I try to create a one-liner for opening less on the last screen of an multi-screen output coming from standard input. The reason for this is that I am working on a program that produces a long AST and I need to be able to traverse up and down through it but I would prefer to start at the bottom. I came up with this:

$ python a.py 2>&1 | tee >(lines=+$(( $(wc -l) - $LINES))) | less +$lines

First, I need to compute number of lines in output and subtract $LINES from it so I know what's the uppermost line of the last screen. I will need to reuse a.py output later so I use tee with process substitution for that purpose. As the last step I point less to open an original stdout on a particular line. Of course, it doesn't work in Bash because $lines is not set in last step as every subcommand is run in a subshell. In ZSH, even though pipe commands are not run in a subshell, process substitution still is and therefore it doesn't work neither.

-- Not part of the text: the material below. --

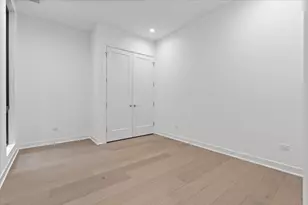 1340 W Chestnut St, Chicago, IL 60642 - Photo 29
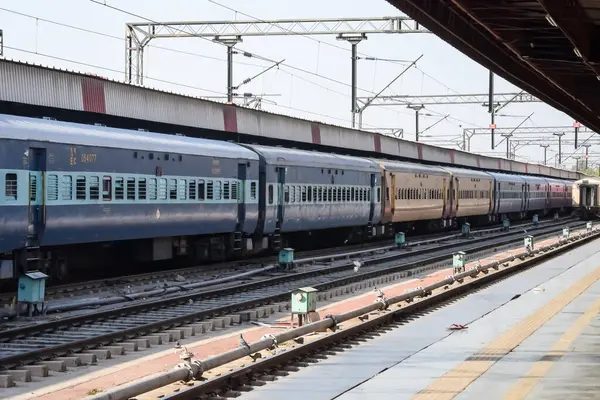 Delhi, Hindistan, 02 Kasım 2024 - Anand Vihar tren istasyonundan kalkan Hint ekspresi sabah saatlerinde, Delhi tren istasyonunda Renkli Ekspres tren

It's not a homework or a work task, I just wonder whether it's possible to do what I want without creating a temporary file in Bash or ZSH. Any ideas?


Solution

  • The real answer to your question should be the option +G to less, but you indicated that the problem definition is not representative for the abstract problem you want to solve. Therefore, please consideer this alternative problem:

    python a.py 2>&1 | \
    awk '
      {a[NR]=$0}
      END{
        print NR
        for (i=1;i<=NR;i++)print a[i]
       }
     ' | {
         read -r l
         less -j-1 +$l
     }
    

    The awk command is printing the number of lines, and then all the lines in sequence. We define the first line to contain some meta information. This is piped to a group of commands delimited by { and }. The first line is consumed by read, which stores it in variable $l. The rest of the lines are taken by less, where this variable can be used. -j-1 is used, so the matched line is at the bottom of the screen.